[Data excerpts]

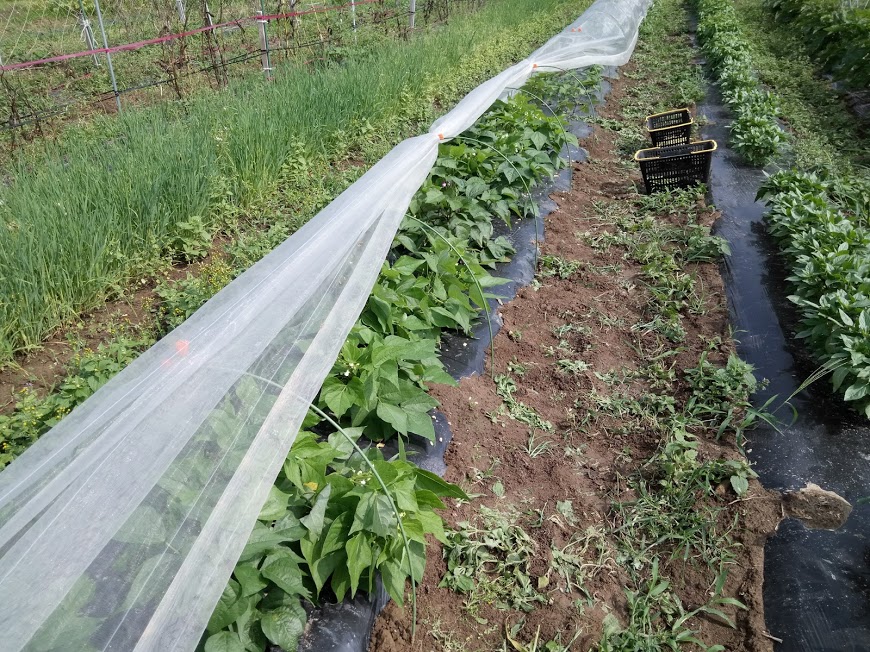 3色のさやインゲンを栽培中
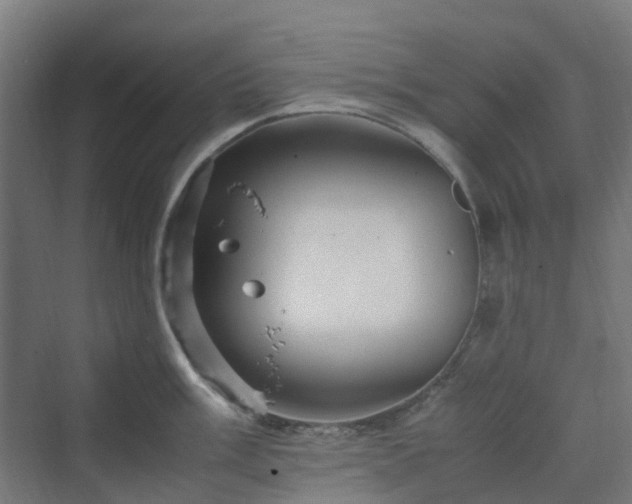 X0000070231003200606021342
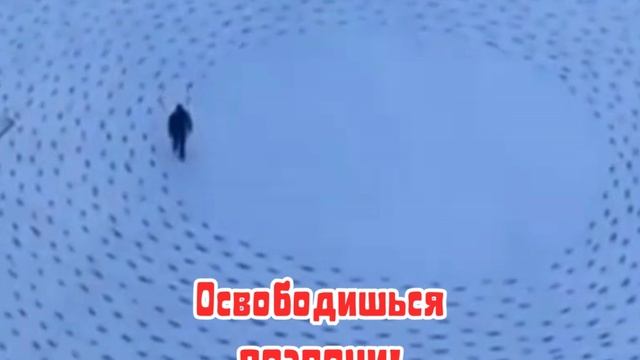 Посмотри и перезвони!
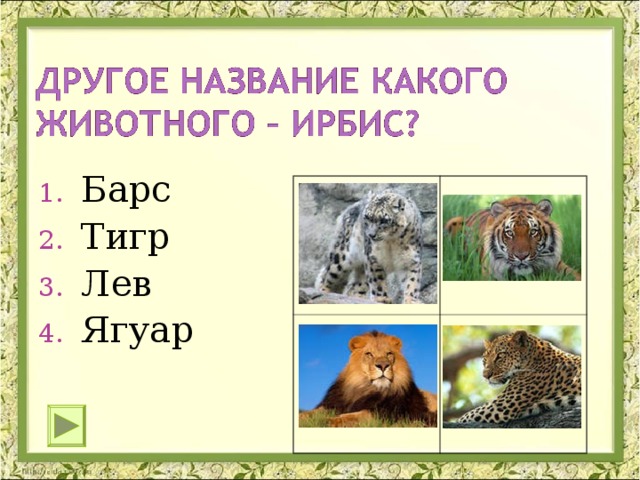 Барс Тигр Лев Ягуар 
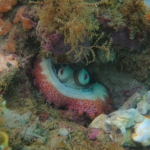 octopus insularis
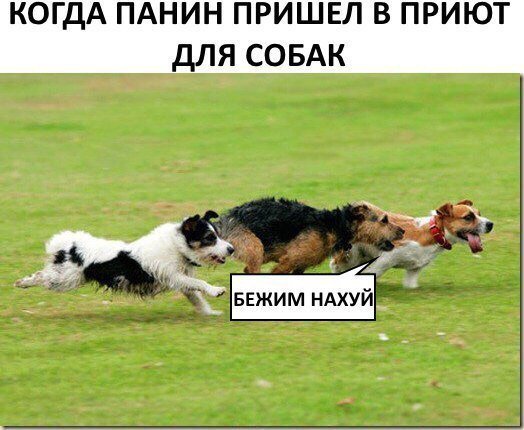 Панин Мем с собакой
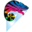 Chameleon Design Limited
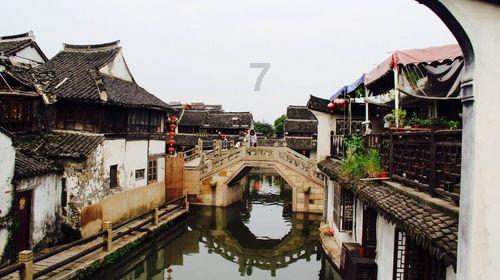 拯救巧虎3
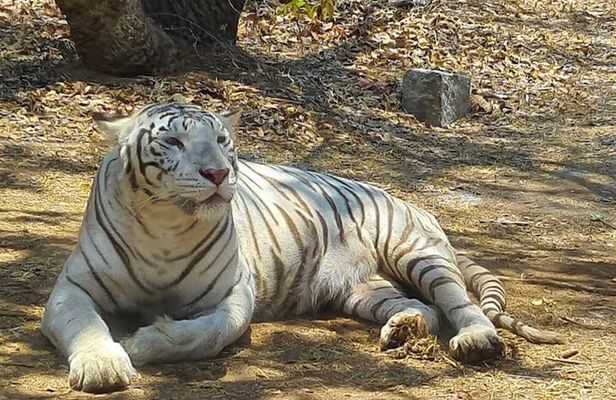 Wild Life Jeep Safari Tour at Bannerghatta with Private Transfer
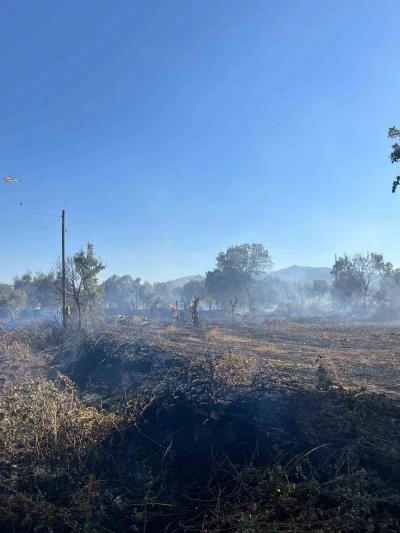 Yatağan’da tarlada çıkan yangın ekipler tarafından söndürüldü
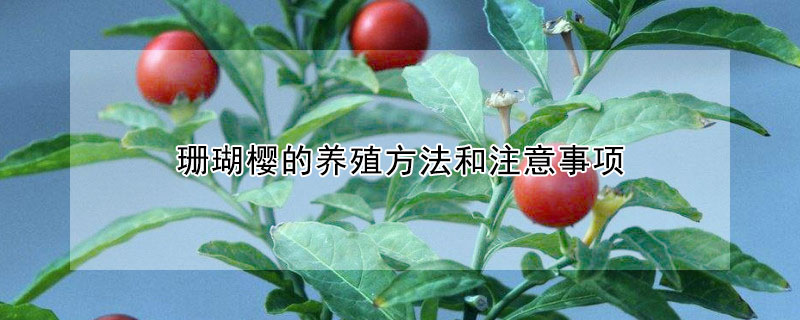 珊瑚樱的养殖方法和注意事项 珊瑚樱的养殖方法和注意事项 盆栽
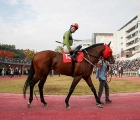 raon-the-fighter-moon-parade-ring-kra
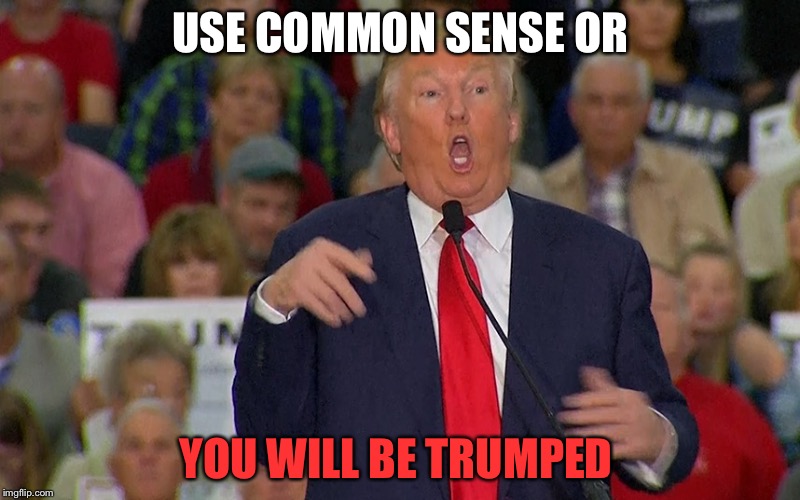 USE COMMON SENSE OR; YOU WILL BE TRUMPED | image tagged in idiot trump | made w/ Imgflip meme maker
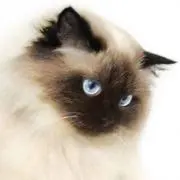 たなかの画像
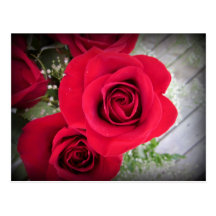 Rosas del verano postal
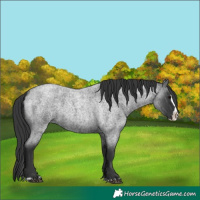 Horse Color:Blue Roan Splash 
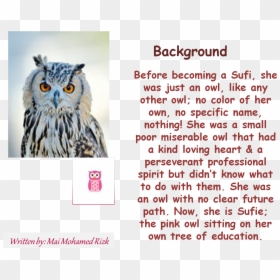 Snowy Owl, HD Png Download - pink owl png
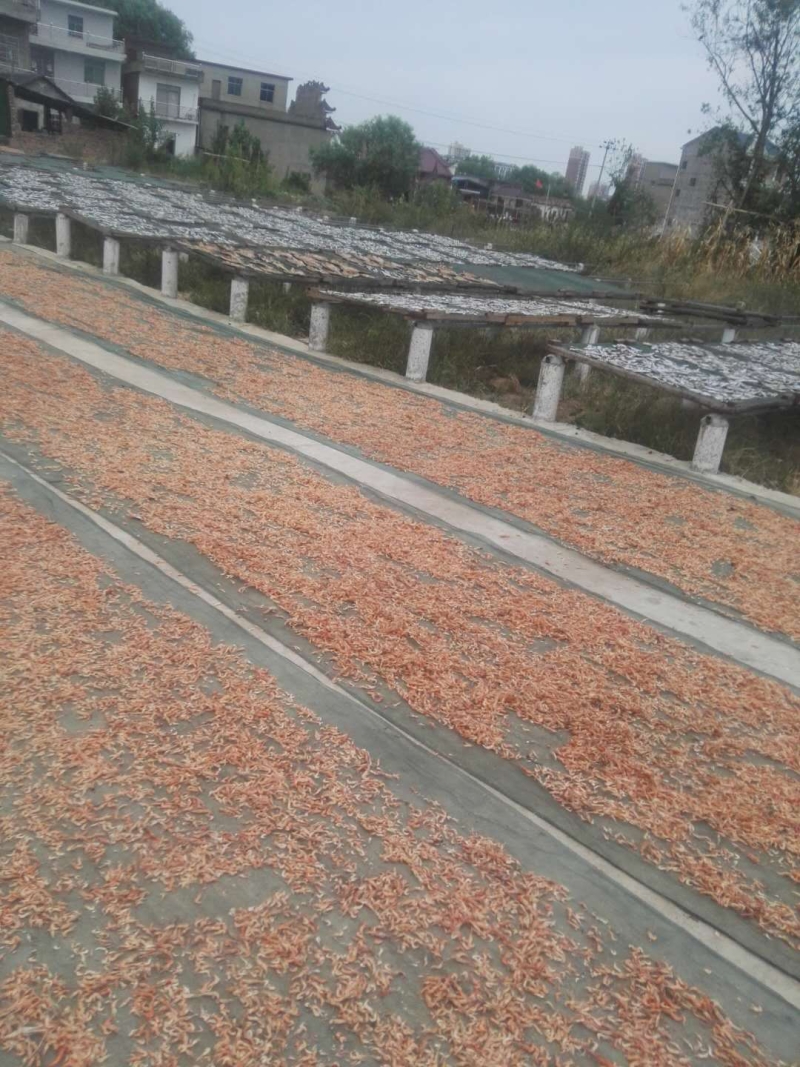 日晒虾干河虾无盐生晒青虾红虾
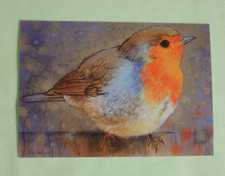 1x Postkarten Rotkehlchen Loes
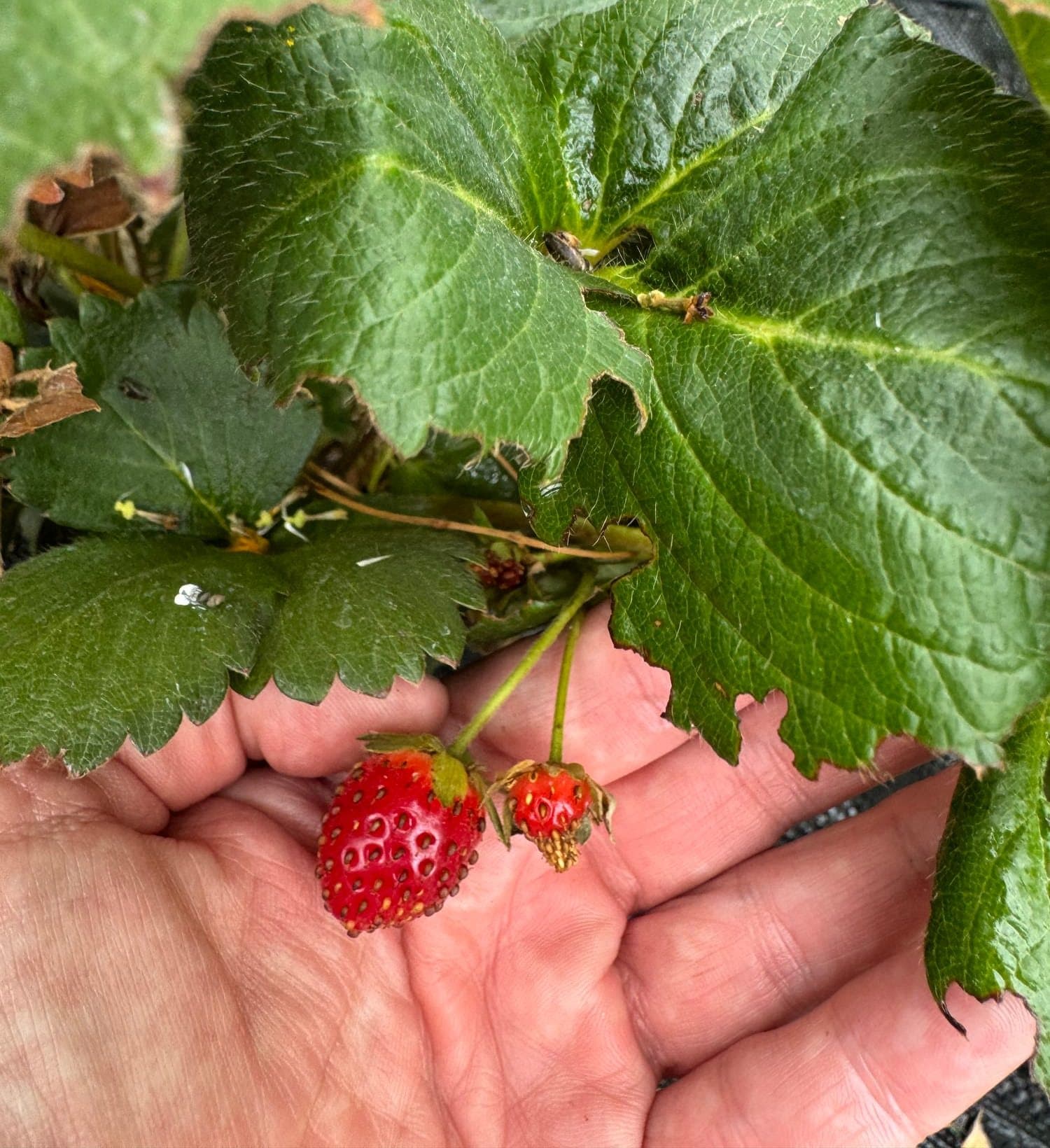 Two ripe strawberries held up in an open palm under broad green leaves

* EXERCISE AIM
Look above for the line with "珊瑚樱的养殖方法和注意事项 珊瑚樱的养殖方法和注意事项 盆栽", then print it and each line after it down to and including the line with "1x Postkarten Rotkehlchen Loes". Leave out the pictures and keep the wording exact.

* TASK SOLUTION
 珊瑚樱的养殖方法和注意事项 珊瑚樱的养殖方法和注意事项 盆栽
 raon-the-fighter-moon-parade-ring-kra
 USE COMMON SENSE OR; YOU WILL BE TRUMPED | image tagged in idiot trump | made w/ Imgflip meme maker
 たなかの画像
 Rosas del verano postal
 Horse Color:Blue Roan Splash 
 Snowy Owl, HD Png Download - pink owl png
 日晒虾干河虾无盐生晒青虾红虾
 1x Postkarten Rotkehlchen Loes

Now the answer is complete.